::: Data for review :::
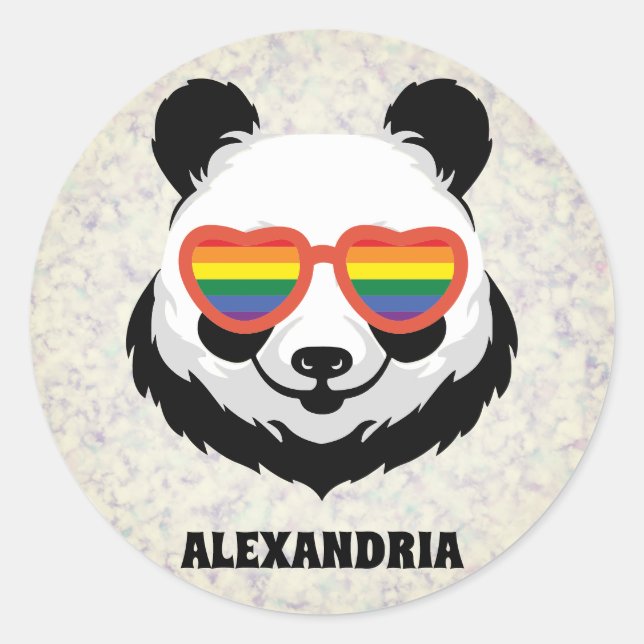 Pegatina Redonda Cute Panda Bear | Arcoiris | LGBTQ (Anverso)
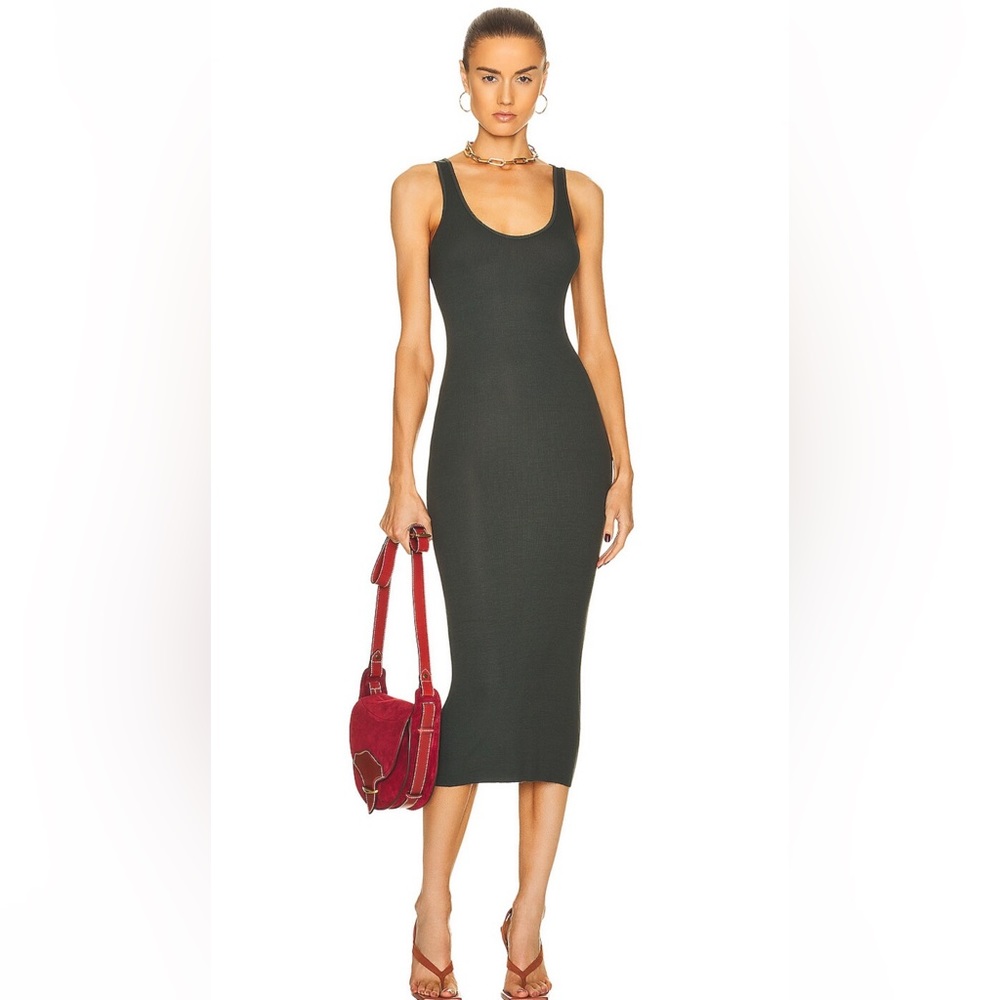 Enza Costa Silk Rib Tank Midi Dress In Dark Cedar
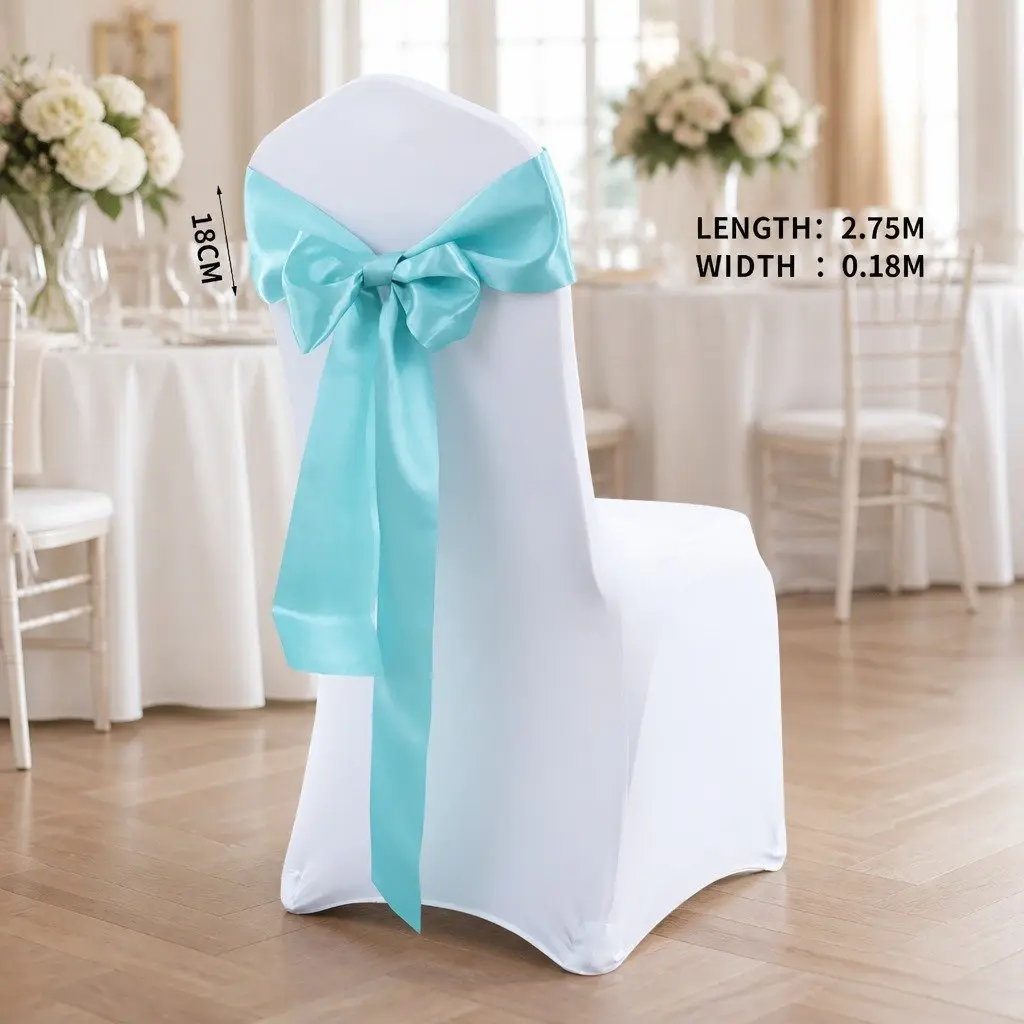 Satin Chair Sashes Stain Resistant 278x18cm for Wedding Ceremony Event Decoration
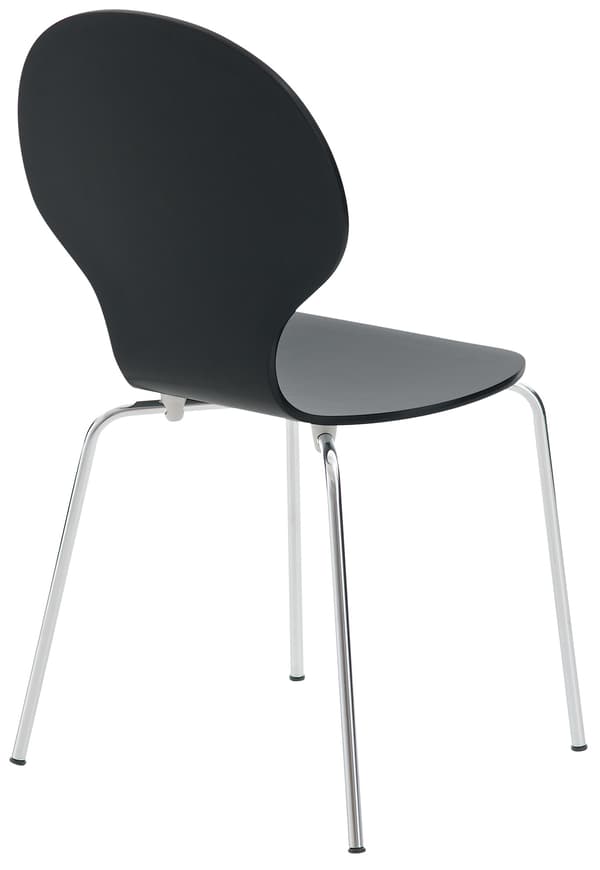 4x Ergonomic Stacking Chair - Besökstol - Space -Saving Design | Färg: Svart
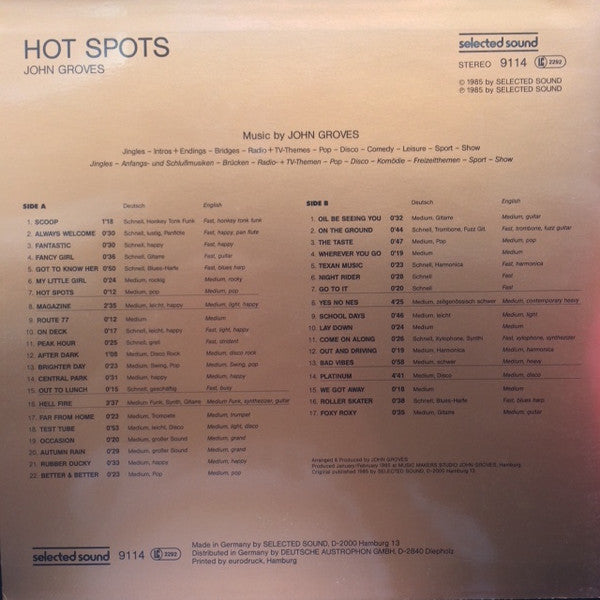 John Groves : Hot Spots (LP)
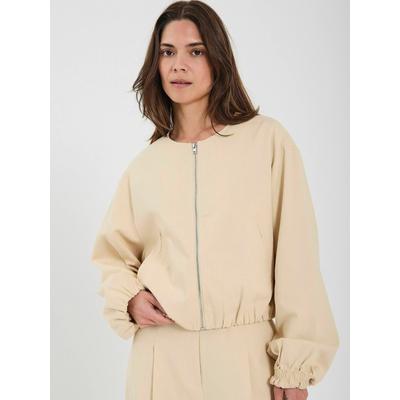 Outdoorjacke NORR "NORR Jacket Vani", Damen, Gr. 38, beige (ivory), Obermaterial: 100% Baumwolle, Jacken Outdoorjacke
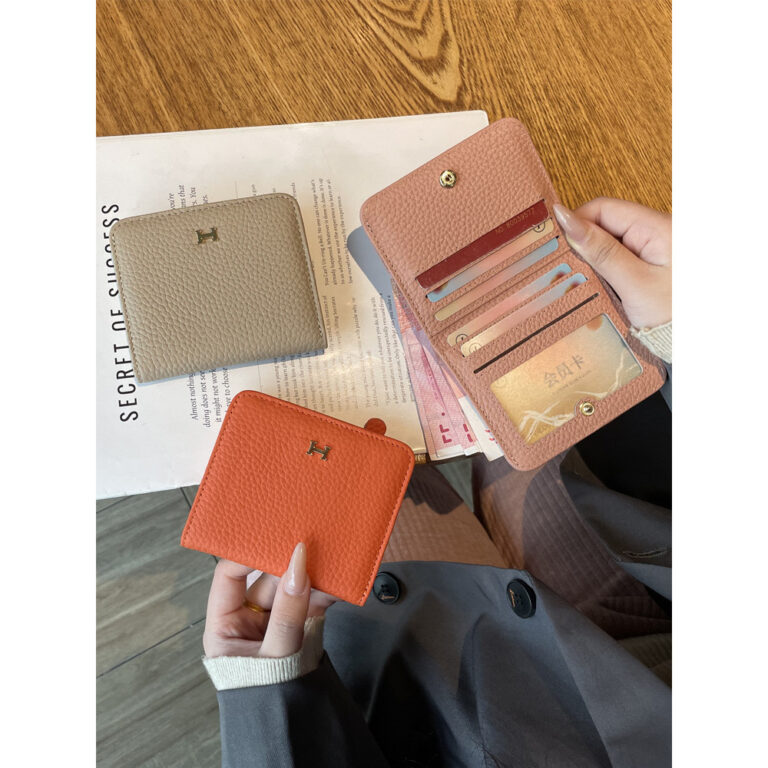 Carteira curta feminina de couro 2025 novo estilo 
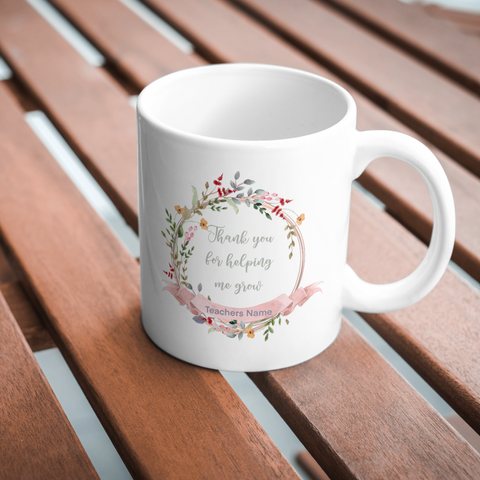 Floral Personalised Teacher Mug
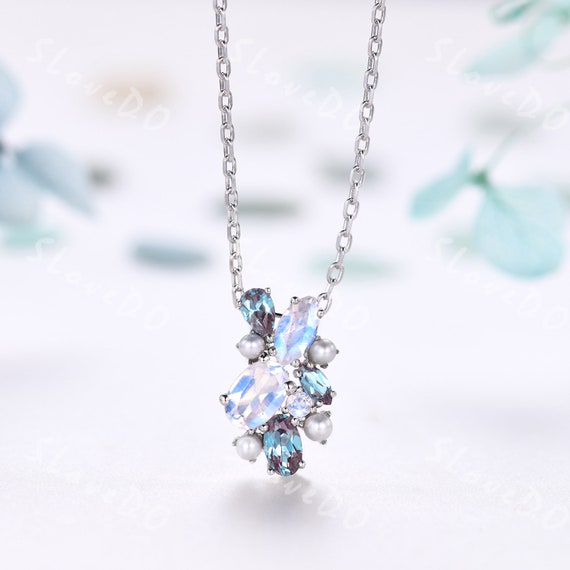 Moonstone Alexandrite Pendant Necklace white Gold Cluster Necklace multiple Birthstones Necklace pearl Necklace personalized Gift for Women Etsy
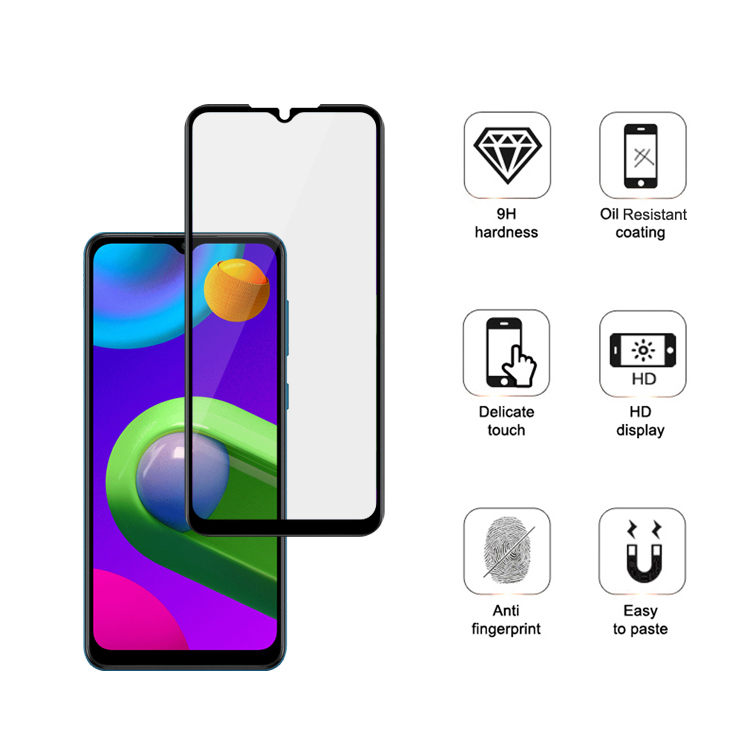 Alink 2.5D silk print full glue tempered glass screen protector for Samsung Galaxy M02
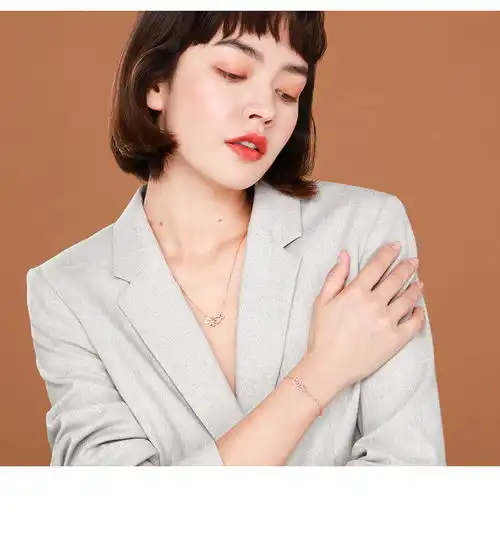 t400小丑鱼项链女锁骨链925银森系冷淡风吊坠送女友情人节生日圣诞礼物玫瑰金色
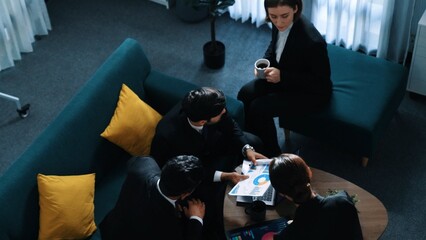 Wall Mural - top view professional project manager present investment graph to business team while female investo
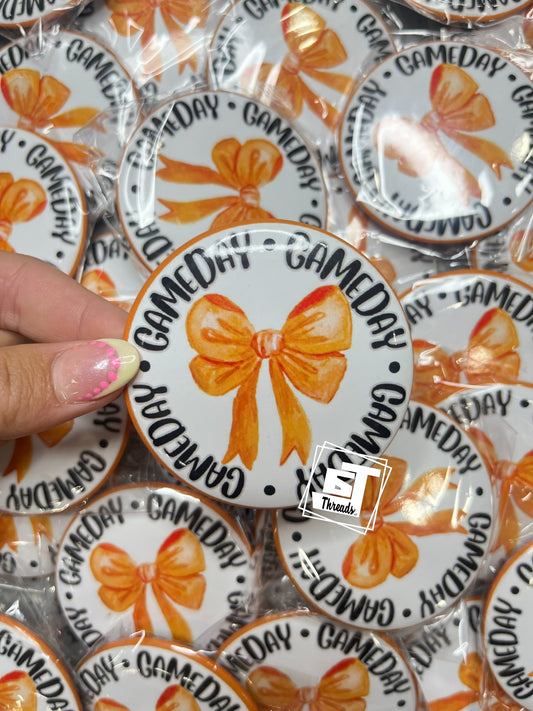 Orange Bow Gameday Pin 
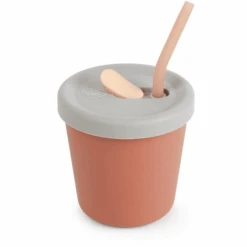 Haakaa® Trinkhalmbecher Ab 6 Monaten, Dunkelrot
:::
What is expected: Print exactly the line containing "Carteira curta feminina" and every line after it through the final line above, and leave all pictures out.

Reply to the task:
 Carteira curta feminina de couro 2025 novo estilo 
 Floral Personalised Teacher Mug
 Moonstone Alexandrite Pendant Necklace white Gold Cluster Necklace multiple Birthstones Necklace pearl Necklace personalized Gift for Women Etsy
 Alink 2.5D silk print full glue tempered glass screen protector for Samsung Galaxy M02
 t400小丑鱼项链女锁骨链925银森系冷淡风吊坠送女友情人节生日圣诞礼物玫瑰金色
 Wall Mural - top view professional project manager present investment graph to business team while female investo
 Orange Bow Gameday Pin 
 Haakaa® Trinkhalmbecher Ab 6 Monaten, Dunkelrot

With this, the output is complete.